━━━━━ INPUT RECORDS
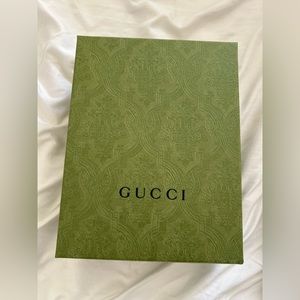 Gucci gift box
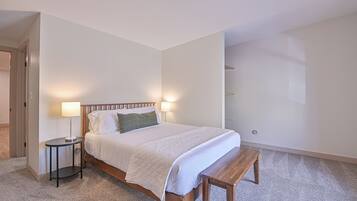 2 bedrooms, desk, iron/ironing board, travel cot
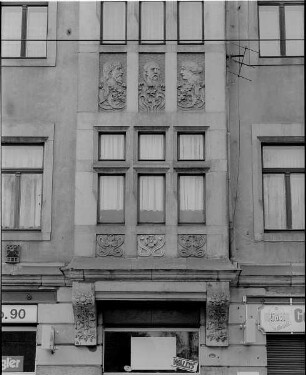 Dresden-Trachau, Leipziger Straße 153-155. Doppelwohn- und Geschäftshaus (1896; E. Rösler). Erker, Nr. 153
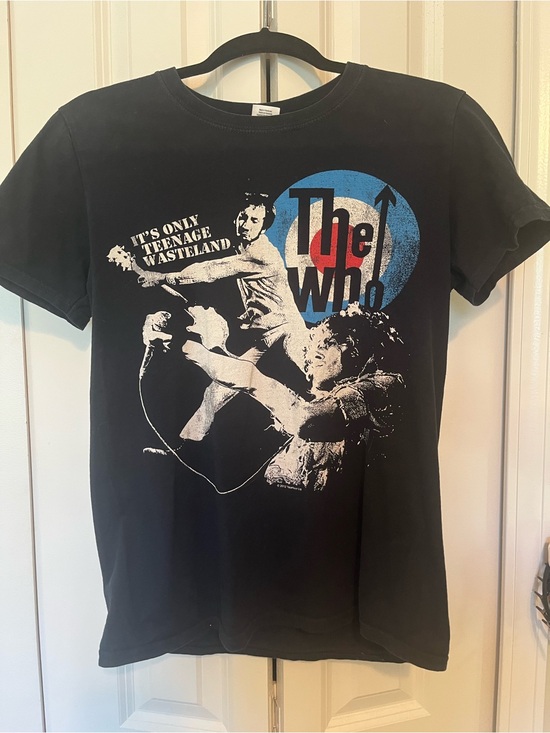 Gildan Other - Gildan Black Graphic Tee - Band Logo Short Sleeve Shirt men or women’s small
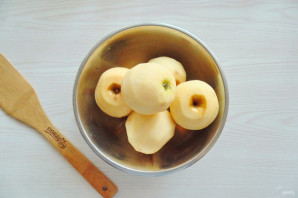 Карамельное варенье из яблок Карамельное варенье из яблок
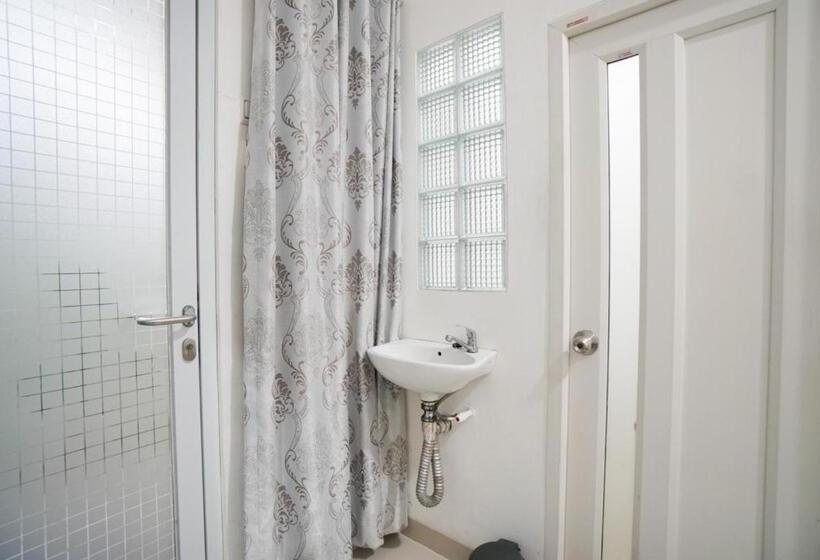 Отель Griya Sawamah Syariah Mitra Reddoorz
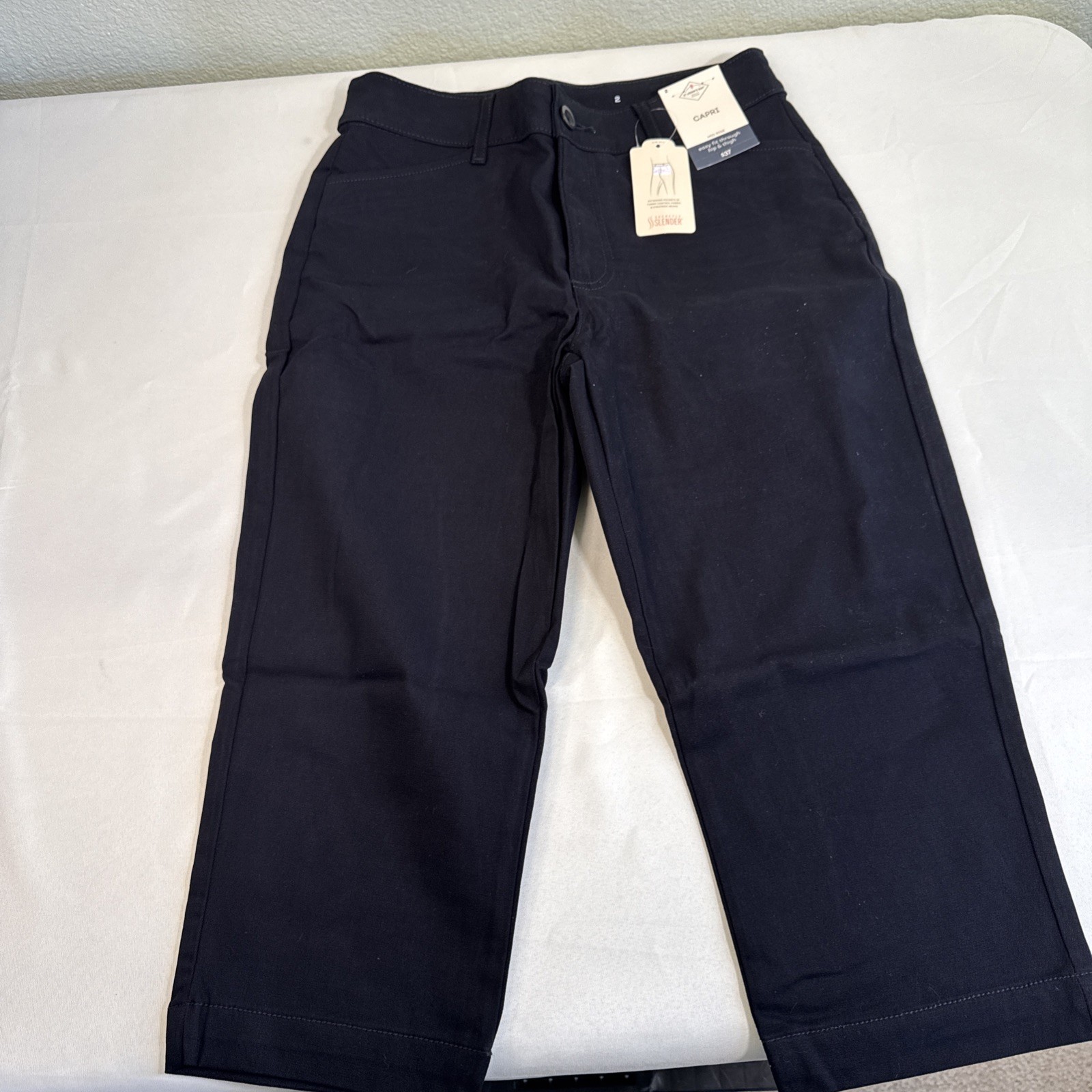 St. John’s Bay Women’s Capri Midrise Size 2 Color Black New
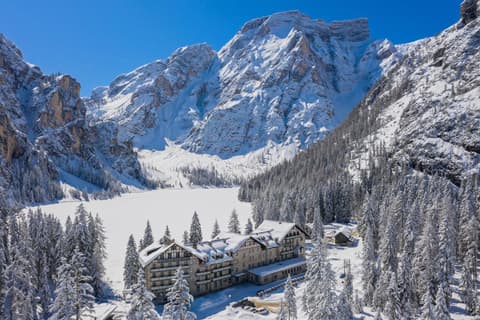 Hotel Lago di Braies, 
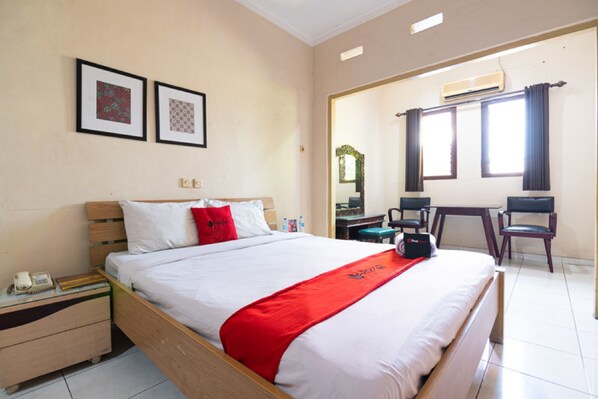 Desk, free WiFi, bed sheets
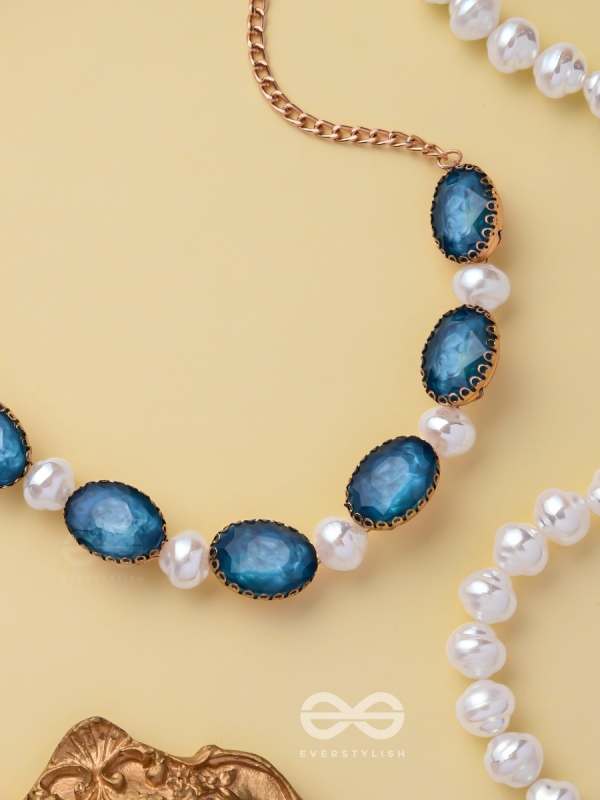 AQUA MIST FANTASY - STATEMENT GOLDEN EMBELLISHED NECKPIECE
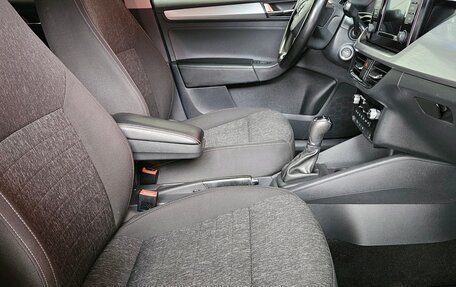 Skoda Rapid II, 2021 год, 1 345 000 рублей, 13 фотография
━━━━━━━━━━
*WORK INSTRUCTIONS*
Reproduce the data above in full, exactly, with the images removed.

*WRITTEN RESPONSE*
 Gucci gift box
 2 bedrooms, desk, iron/ironing board, travel cot
 Dresden-Trachau, Leipziger Straße 153-155. Doppelwohn- und Geschäftshaus (1896; E. Rösler). Erker, Nr. 153
 Gildan Other - Gildan Black Graphic Tee - Band Logo Short Sleeve Shirt men or women’s small
 Карамельное варенье из яблок Карамельное варенье из яблок
 Отель Griya Sawamah Syariah Mitra Reddoorz
 St. John’s Bay Women’s Capri Midrise Size 2 Color Black New
 Hotel Lago di Braies, 
 Desk, free WiFi, bed sheets
 AQUA MIST FANTASY - STATEMENT GOLDEN EMBELLISHED NECKPIECE
 Skoda Rapid II, 2021 год, 1 345 000 рублей, 13 фотография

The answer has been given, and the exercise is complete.